The dreaded obligatory dream sequence is over! Hah. Glad you liked that-- yep, I got a little too symbolism-happy with it. I actually meant it to be more weird and more random when I started, but my inner lit geek kept fighting to the surface and demanding that I let it out to play. So there were apples and bones. Just a note, though: the dream was intended as a mood interlude, not a plot device, so take everything said in the dream with a grain of salt (so to speak.) Dreams may be filled with symbols and images plucked from our subconscious, but they do not usuallyreflect reality and they do not predict the future.
Act 2
The Fisherman
Scene 3
Katara had decided the fisherman wasn't really a fisherman at all. His boat was eqipped for it, but he had no crew and little bait. More to the point, he never actually fished. She had to keep calling him "the fisherman," though, because he refused to give her any other name.
"I have to call you something."
"You don't, actually, but do what you like."
His casual dismissal to "do what she liked" was precisely the problem in this whole arrangement, Katara felt. She didn't know if they were guests or prisoners. He wouldn't tell her his name, so she had to make up one for him. He wouldn't tell her why he didn't have a crew or what he was doing with a fishing yacht this far out in the middle of the ocean, so she had to try to reason it out. He wouldn't tell her where they were going, so she had to guess that too. All she did know was that he had two kids about her age, and it was only out of fatherly pity that he picked them up at all.
"It was against my better judgement. But I'm soft-hearted, and I'd like to think a passing stranger would rescue my kids if they're ever stupid enough to get themselves lost at sea. I don't expect that to happen because they're smarter than you two," and here Katara frowned because really, it hadn't been her fault, but she wasn't about to argue outright with her rescuer, "but it doesn't hurt to give Lady Fortune some padding, you understand."
Katara had just frowned even more and kept her mouth shut. Only her gratefulness at being alive was allowing her to keep her temper through the insults. Despite the lack of outright information, however, she did manage to learn a few things during the days that Zuko was in a fever. She remembered that the first day they had met up with another vessel and a doctor had visited herself and the prince. She didn't recall much of those blurry hours, but Katara figured it was significant that they weren't totally alone in the ocean. It was most likely that the other boat had come from the wherever it was they were heading, and that meant something too. She started to compile a list in her mind of what she knew about the fisherman:
Physically he looked like he could be either Earth or Water tribes, and his boat was a mishmash of different cultures, as if it'd passed from owner to owner.
He was probably not a bender, based on his expression when she practiced.
He didn't like the Fire Nation, but also didn't talk politics much, so she wasn't sure how far his dislike extended.
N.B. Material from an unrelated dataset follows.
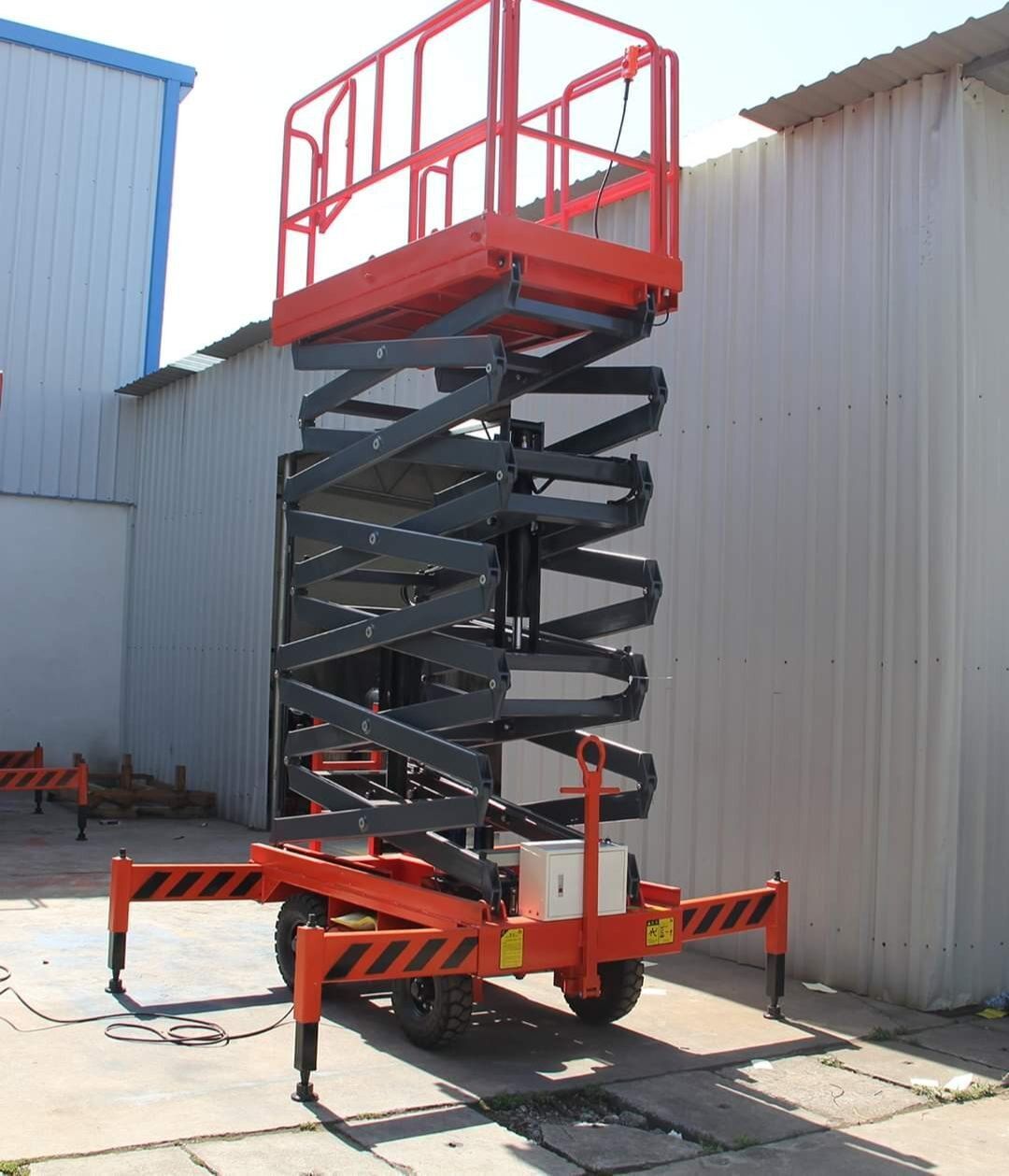 Self Propelled Electric Scissor Lifts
The only reason she knew he didn't like the Fire Nation was that he seemed to frown at the direction of Zuko's make-shift room fairly often, and he hinted that the only reason he'd rescued them was that Katara wasn't pale-skinned too.
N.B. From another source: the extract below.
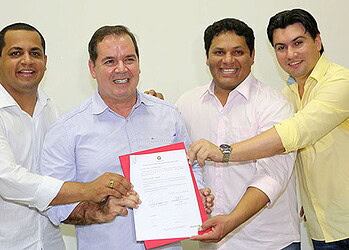 Termo de cooperação foi assinado pelo governador Tião Viana nesta terça-feira. (Foto: Sergio Vale)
He had some strong reason not to be taking passengers, and it had nothing to do with food rations.
And the last, most disturbing thing she knew: He had no idea who Zuko was.
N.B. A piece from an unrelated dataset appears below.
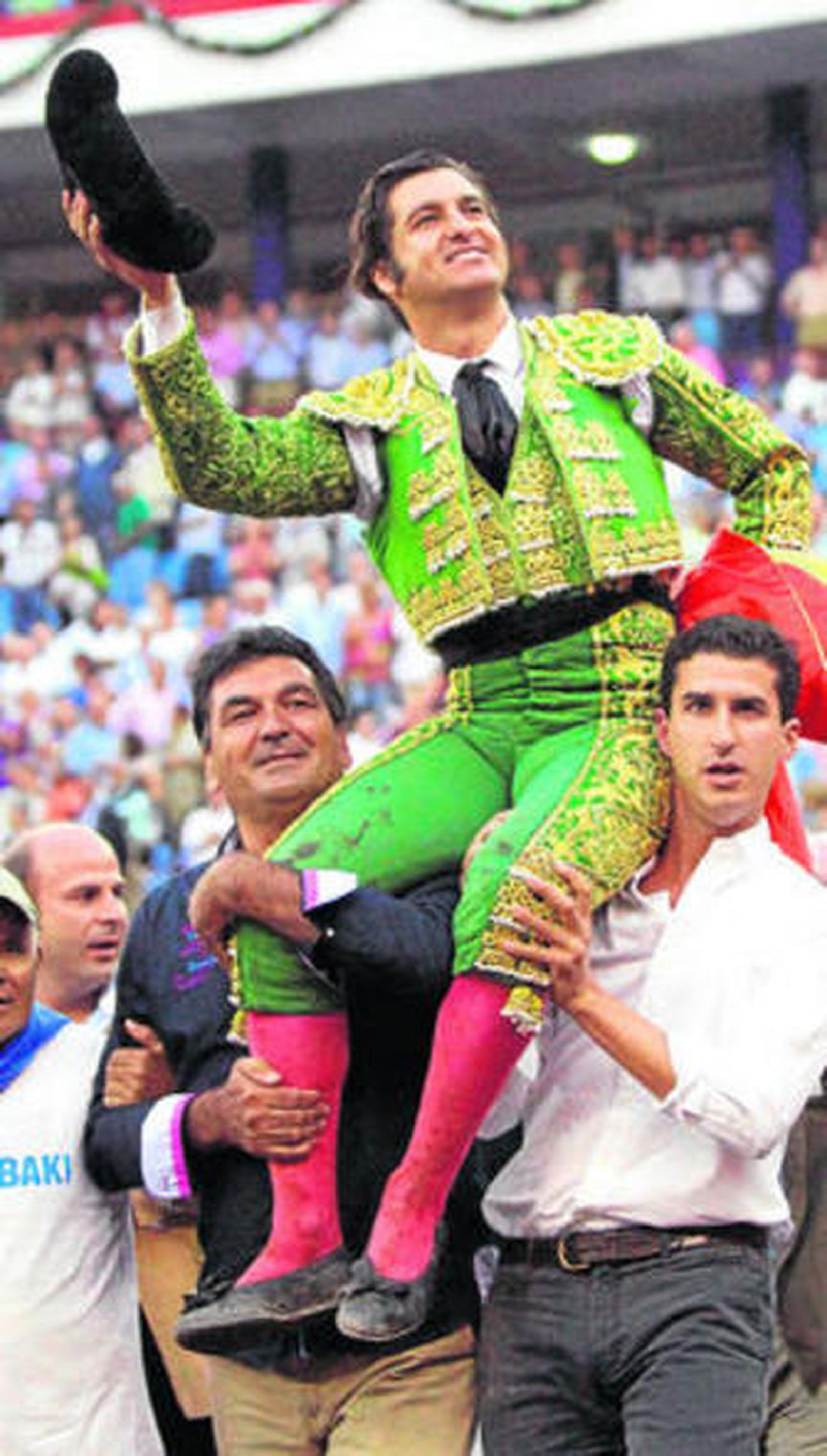 Morante, en su salida a hombros de la plaza de toros de Bilbao.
He had no idea, because Katara hadn't told him. And even though she was under no obligation to tell a mysterious stranger that he'd accidentally rescued the only son of the Fire Lord--or under any obligation to hide that information on Zuko's behalf--Katara was disturbed because the cold wall of the fisherman's secrecy hinted of something ominous over the horizon. He wasn't supposed to be taking passengers and he wouldn't tell them their ultimate destination. Warning bells were ringing louder and louder in Katara's ears with each passing wave, and all those warning bells brought her thoughts back to Zuko.
Her reluctant companion was an inherently dangerous person. Dangerous as himself and deadly as a member of the Fire Nation ruling family.
The fisherman's mysterious motives and tight-lipped behavior told Katara that maybe, just maybe, he could be dangerous too.
She was sitting in the middle of a powderkeg and as soon as the jerk woke and opened his mouth the whole thing might explode.
Wow, 100 reviews! I love how sweet and responsive the Avatar fandom can be-- you really know how to spoil a girl. So here's another one for you. We'll be chugging along, chugging along in the next few days. Expect several updates, especially since school starts on Friday and after that my fandom life ends. Well, almost. ;)
This scene I'm not as pleased with as some others, but that's alright because I'm very happy with the next one. Can't win 'em all, etc.